Next, the C-arm X-ray images are converted to linear accumulation of X-ray attenuation by means of log-normalization. Hence, the DRRs and detector images become linearly proportional. Furthermore, we apply a circular mask on the detector images to discard the saturated areas near the detector boundaries and only include relevant information in the similarity cost.

After estimating the re-initialization transformation T0 obtained as results of the composition of transformations  XTX estimated by the pose-aware system, and that of the first pose of the C-arm, the DRR image is generated and compared against the C-arm X-ray image IX using a similarity cost S. In this work we utilize the normalized cross-correlation (NCC) as the similarity cost defined as:

NCC:=S((R,t)|T0,IX,ID)=|ΩX,D|IXID((R,t|T0)σXσD (3)

where IX and ID are the mean-normalized X-ray and DRR images, (R, t) are the rotation and translation parameters used to form the DRR image, ΩX,D is the common spatial domain of the two images, and σX and σD are the standard deviations of the X-ray and DRR image intensities in ΩX,D.
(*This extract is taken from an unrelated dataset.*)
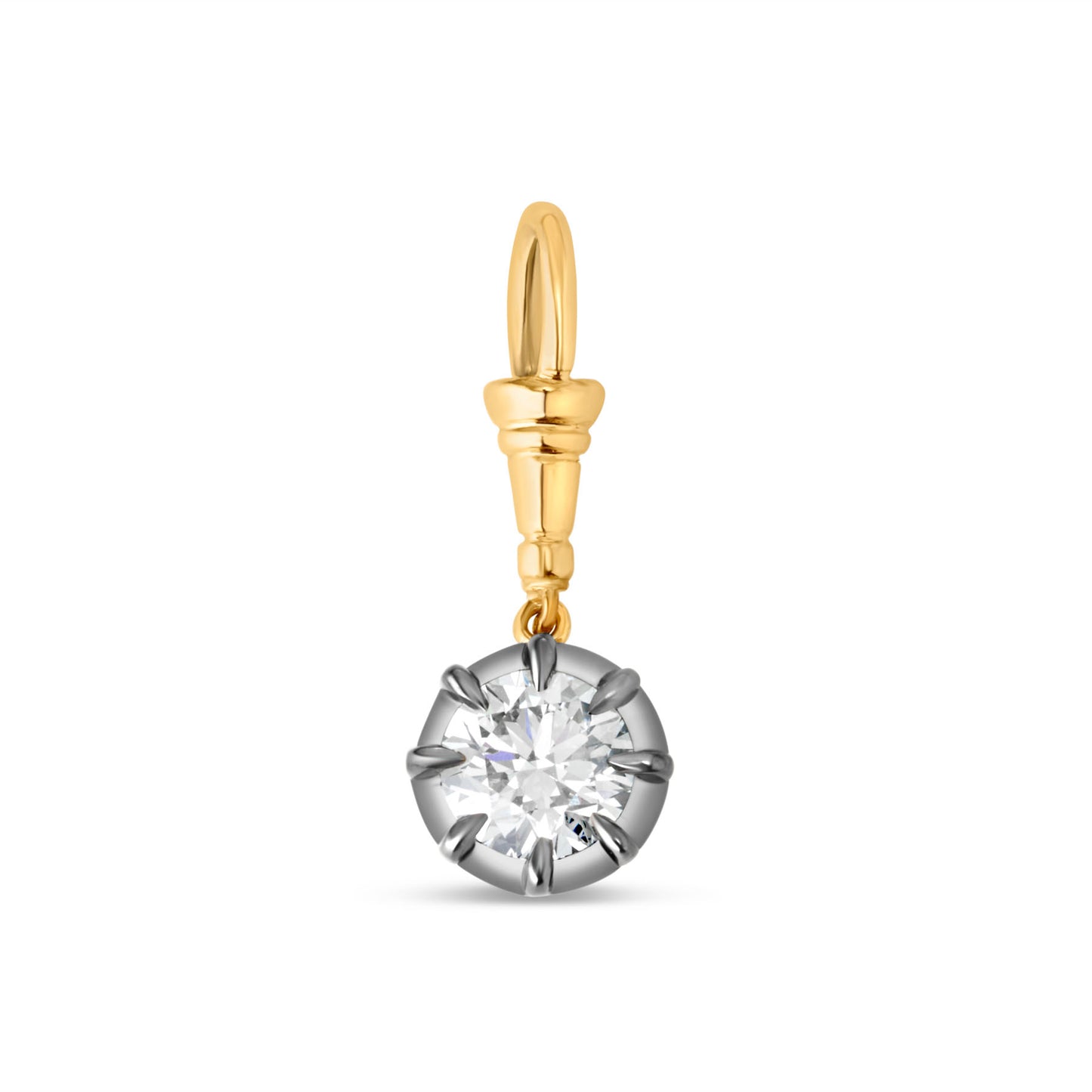 GEORGIAN ROUND PENDANT ON CUT CLASP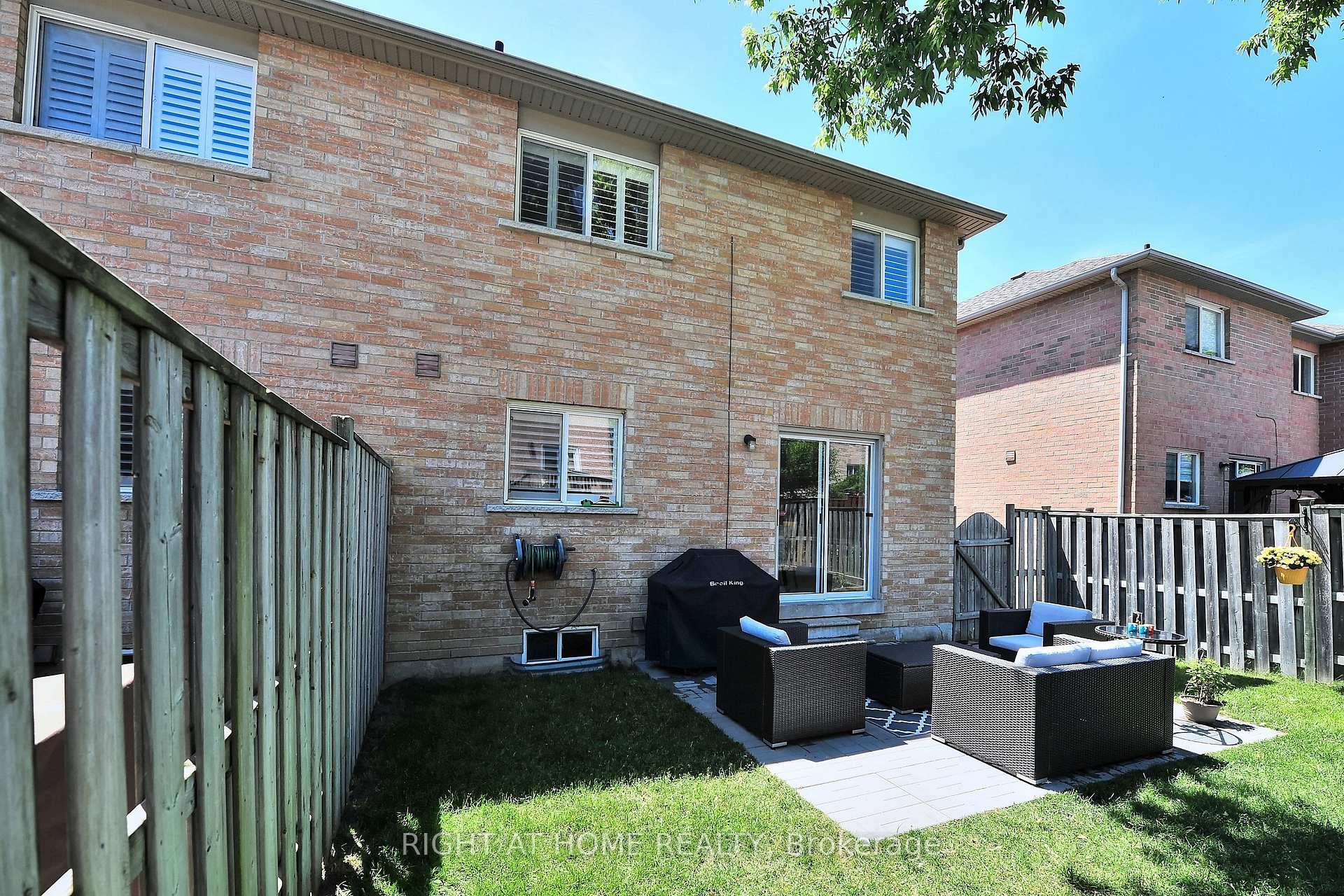 Photo 25 of 11 Giovanni Way, Vaughan, Sonoma Heights — HOMEH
The final parameters (R^,t^) are estimated by an iterative optimization:

[R^,t^]=argmaxR,tS((R,t)|T0,IX,ID) (4)

The optimization is performed using bound constrained by quadratic approximation (BOBYQA) algorithm [27].

Experimental validation and results

Experimental setup

X-ray images are acquired using an Arcadis Orbic 3D mobile C-arm from Siemens Healthineers with the detector size of 230mm×230mm. In order to remove low noise, the X-ray images are captured as digital radiographs (DRs) where a weighted average filter is applied to the images. The DR images are acquired using 0.2–23mA and 40–110kV. For safety purposes, the maximum power for taking a DR image is set to 1000W. The CT scan data are acquired using a Toshiba Aquilion One CT scanner, where the slice spacing and thickness are 0.5mm, and the volume elements are created using 16bits. An Intel RealSense SR300 camera from Intel Corporation is rigidly mounted on the image intensifier using a custom-made 3D printed mount. The SR300 has a small form factor (X = 110.0±0.2 mm, Y = 12.6±0.1mm, Z = 3.8–4.1mm), and integrates a full-HD RGB camera, an infrared projector, and an infrared camera. To ensure a wide visibility range of the patient surface, the RGBD camera is positioned with a particular tilt angle that the center of the image is nearly aligned with the C-arm iso-center. The C-arm imaging device is connected via Ethernet, and the RGBD camera is connected via powered USB 3.0 to the development PC which runs the tracking and the registration software. The tracking is performed in real-time, and the 2D/3D registration module is fully parallelized using graphical processing unit acceleration.

Results

In the following, we evaluate the pose-aware C-arm system by presenting the calibration accuracy, tracking results, and 2D/3D registration performance with and without the automatic re-initialization.

Calibration outcome

A 5 × 6 checkerboard calibration target is employed to calibrate the X-ray, RGB, and infrared (depth channel of the RGBD camera) imaging devices. The length of each side of a single checkerboard square is 12.66mm, and the total dimensions of the checkerboard are 63.26 and 75.93mm. The checkerboard size is carefully selected according to the field of view of the C-arm and the RGBD camera images to ensure full visibility among a variety of checkerboard poses. Next, 72 X-ray/RGB/IR images were simultaneously recorded to perform the calibration. A subset of images that produced high reprojection error were discarded as outliers. Ultimately, we used 42 image pairs and performed stereo calibration between RGB camera and X-ray source where the stereo mean reprojection error was 0.86 pixels. The stereo calibration in this work does not refer to the calibration of a single moving camera, instead it refers to estimation of the extrinsic parameters of two stationary cameras (RGB and X-ray imaging devices). RGB and X-ray images had individual mean reprojection errors of 0.75 and 0.97 pixels, respectively.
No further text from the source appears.